DESCRIPCIÓN DE MI CASA
  En los años sesenta, mi padre compró un trozo del vallado que cerraba una de las tantas huertas que desde la Plaza de Toros se extendían hasta los pinares de las dunas.
  Con sus propias manos, fue construyendo una casa para su familia, poco a poco, al empuje de los pequeños ahorros que a fuerza de esfuerzo y trabajo iba consiguiendo. Y aún sigue allí.
  Es una casa pequeña, de una sola planta, humilde, pero hermosa, de zócalos de albero y paredes blancas que refulgen al sol como limpios espejos y una azotea amplia en la que cabe todo el cielo y la luz de Andalucía. Las rejas de las ventanas se asemejan a ramas y cañas verdes, al igual que el pretil de la azotea. Guiño gitano de esta casa andaluza.
  El jardinillo delantero se asoma a la esquina de la calle, regalando al paseante toda la paleta de color de las flores desplegadas sobre el verde lienzo de sus hojas y, en el centro, una pequeña palmera abre el elegante paraguas de sus palmas.
  Por las noches, el jardín regala al barrio el aroma de seda de la rosa, el suspiro del jazmín y el aliento mágico de la blanca celinda. Y los días de lluvia se esparce, con las gotas de agua, el perfume de la hierbaluisa.
  Por un pequeño porche de fresco y sombra, entre macetas de hortensias, menta y hierbabuena, se entra en la casa. Aún hoy se siente el calor de abrazos y besos de mi madre, y espero encontrarla en la cocina, dándole vueltas al arroz con leche con el cucharón de madera. Creo sentir la canela y el limón perfumando el aire y la oigo llamarme para que vaya corriendo a rebañar el cucharón.
  La misma ensoñación ocurre en el patio trasero. Allí, junto a la fuente cantarina, está mi padre, entre helechos y aspidistras, arreglando de alpiste y agua fresca las jaulas de los canarios y jilgueros cantores que, contentos y agradecidos, derraman sus cantos haciendo coro al agua cristalina de la fuentecilla.

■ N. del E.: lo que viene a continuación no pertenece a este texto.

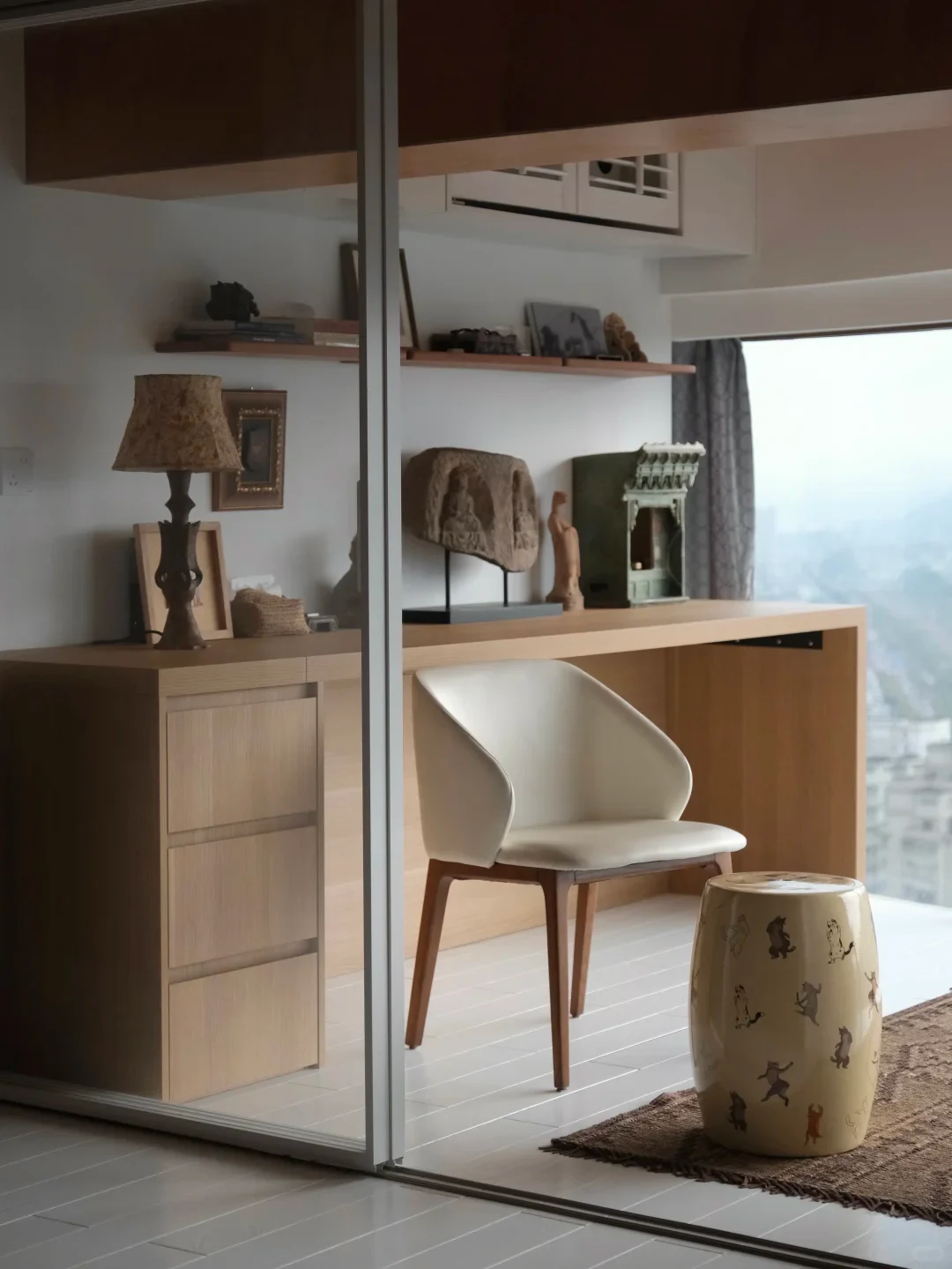 Cat-painted contemporary ceramic drum stool beside a white chair and wooden desk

  Pero mis padres ya no están. Sin embargo, la fría ausencia refuerza el cálido recuerdo. En su dormitorio, los escasos muebles yacen cubiertos como cadáveres polvorientos, y falta el aroma de lavanda y romero con que mi madre perfumaba los roperos. Faltan las confidencias de tantos consejos y consuelos. Más allá, en el salón, con sus vacíos sillones y los libros encerrados en las vitrinas que ya nadie abre, faltan tantas conversaciones, tantas risas, tantos cumpleaños y Navidades, tanta vida, que a veces pienso que toda ella queda allí, en el aire embalsamado de la casa, cuando, volviendo al mundo real, al mundo en el que no caben presencias ni ausencias, echo la llave de la puerta que encierra tanta melancolía y me marcho, embriagado por el aroma de la hierbaluisa, la celinda y el jazmín.

1 comentario:

Unknown dijo...

Preciosa y emotiva descripción. No conocíamos tu faceta de escritor. Nos ha encantado y emocionado. ¡Enhorabuena! Un saludo de Valeria, Rosa y Antonio.